Reviewed by Daniel Garrett
Anklaget (Accused)
Denmark | 2005
103 minutes, Director: Jacob Thuesen
Screenplay: Kim Fupz Aakeson
Photography: Sebastian Blenkov
Editor: Per K. Kirkegaard
With: Troels Lyby, Sofie Gråbøl, Kirstine Rosenkrands Mikkelsen, Paw Henriksen, Louise Mieritz
The film Accused is about an individual, a family, and a society; and it is about the relationship of fantasy and truth, reputation and reality, and experience and morality. It is a work of intelligence and integrity, vision and voice. Accused stars Troels Lyby as Henrik, a father, and Sofie Grabol as Nina, a mother, and Kirstine Rosenkrands as Stine, a daughter, and was directed by Jacob Thuesen. Thuesen, born in 1962 and a graduate of Denmark’s National Film School, is a film editor known for his work with Lars von Trier, Susanne Bier, and Jorgen Leth. Jacob Thuesen’s film Accused, which opened in Europe in 2005 and was shown at Manhattan’s Scandinavia House in April 2006, has won several awards, including prizes won at the Berlin European Film Academy Awards, the Kiev Molodist International Film Festival, the Warsaw International Film Festival, the Miami International Film Festival, and Best Actor and Actress designations by the Danish Film Academy. Kim Fupz Aakeson wrote the film, and its production designer was Mia Steensgaard, its cinematographer was Sebastian Blenkov and its editor Per Kirkegaard. The film’s central character is Troels Lyby’s Henrik, a swimming instructor who seems grounded, smart, and a little tough—one boy goes home crying after a swimming lesson. Henrik has a passionate relationship with his wife Nina, while their relationship with their fourteen year-old daughter Stine has grown distant, as Stine has become moody and withdrawn, something that has been happening for several years. Is that typical adolescent strangeness or the result of a private trauma? The mother, when alone with the father, mentions that she has begun to get used to having a daughter who is always in a bad mood. The daughter also has been known to lie, and she once claimed that her father beat her. The film opens with the father at work, then moves to a classroom meeting with the father and mother and the daughter’s school counselor: the counselor thinks the daughter is disturbed about something and is on the point of confession, and mentions a story about a princess captured by a troll in which the princess can only be freed upon learning and saying the troll’s name.

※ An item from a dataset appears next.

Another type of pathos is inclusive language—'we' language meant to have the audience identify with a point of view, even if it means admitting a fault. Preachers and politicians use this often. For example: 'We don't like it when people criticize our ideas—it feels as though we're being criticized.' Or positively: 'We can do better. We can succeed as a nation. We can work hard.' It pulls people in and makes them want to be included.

The film’s early photography is clear, full of blues and greens, and is attractive without being glamorous. Henrik’s eyes are blue and, primarily, he seems to wear blue, gray, and black clothes. Henrik and Nina, with her shoulder-length light brown hair and trim figure, look like ordinary people—in early middle age, and they are attractive but not distractingly so. The intimacy between the parents is relaxed and genuinely erotic without being pornographic: these are people who like each other and take pleasure in each other’s presence. While the two are in bed, the mother describes her fantasy of being a virginal schoolgirl and having a sexual encounter with a grown man with facial stubble (Henrik is bearded), an experience she imagines she would like and not like. Her husband says that he imagines no one but her, his wife. In a party scene with friends, after the parents are surprised by one of the guests being able to have a conversation with their daughter, who has remained in her bedroom, we learn that there was a period in which Henrik and Nina were separated, though we do not learn why. (Did it have anything to do with Nina having to travel for her job, which involves organizing seminars?) These moments of partial knowledge suggest a past life and unarticulated complexity; and are a nice touch.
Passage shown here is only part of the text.